Despite the size of the convention, the NYPD’s organizational chart for the event looks pretty simple. Kelly, of course, is at the top along with his executive committee, which is kind of like his war cabinet. Below him in the hierarchy is the RNC coordinator, and the NYPD’s four key divisions of responsibility: Command and Control, Site Security, Tactical Support, and Operational Support.
It is only when you begin to examine the subcommittees that you get a sense of how complicated the staging actually is. Command and Control, for example, has half a dozen subcommittees. Site Security has seven subcommittees, including one for hotels. Convention delegates are currently slated to stay in 49 different hotels around the city. Threat assessments have been done at each of these buildings, and there will be cops assigned to every one as well. The same essentially applies to all of the convention-related events that will take place away from the Garden. Right now the list of parties, dinners, meetings, concerts, and receptions runs to twenty pages in very small type.

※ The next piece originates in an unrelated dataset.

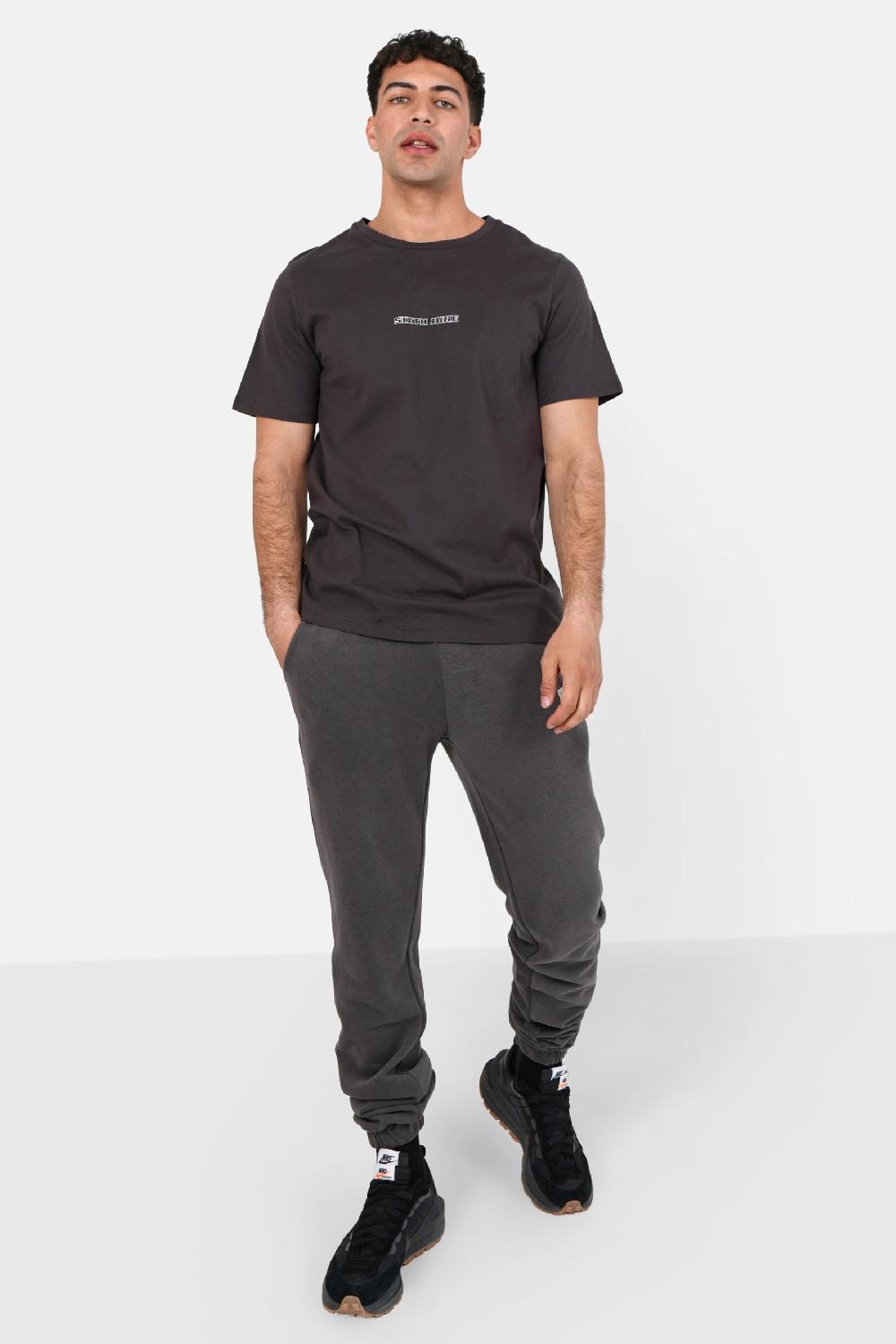 Sixth June Jogging Côtelé Cordon Gris Foncé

There are subcommittees to handle coordination with VIPs who arrive with their own security details; motorcade planning; a legal team to monitor what the NYPD is doing and give advice; logistics, to make sure the department has whatever supplies it needs; and prisoner processing to handle arrests (there are plans, if necessary, to take prisoners to other boroughs).

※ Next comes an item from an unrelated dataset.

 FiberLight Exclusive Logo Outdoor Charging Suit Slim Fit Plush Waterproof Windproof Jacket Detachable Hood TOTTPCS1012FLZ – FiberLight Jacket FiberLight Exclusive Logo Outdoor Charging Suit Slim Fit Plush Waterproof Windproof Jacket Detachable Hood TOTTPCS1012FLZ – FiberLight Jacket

From a policing point of view, protest is a more tangible, easier-to-prepare-for challenge than terrorism. In fact, it is, for law enforcement, the antithesis of terror. Protesters operate in the light, not the shadows, and though there is the occasional spontaneous event, most of their activities are planned and scheduled.
For example, the march to kick things off is slated for Sunday, August 29, the day before the convention opens. Though organizers claim it will attract at least 250,000 people, their request for a permit to march up Eighth Avenue and into Central Park for a rally has been denied. Officially, the reason is the Parks commissioner’s concern about damage to the Great Lawn.
“The organizers haven’t come back to us with an alternative route,” Kelly says. “They don’t seem particularly focused on it right now. Maybe it’s because they’re going to court. I don’t know, but the park is not going to happen.”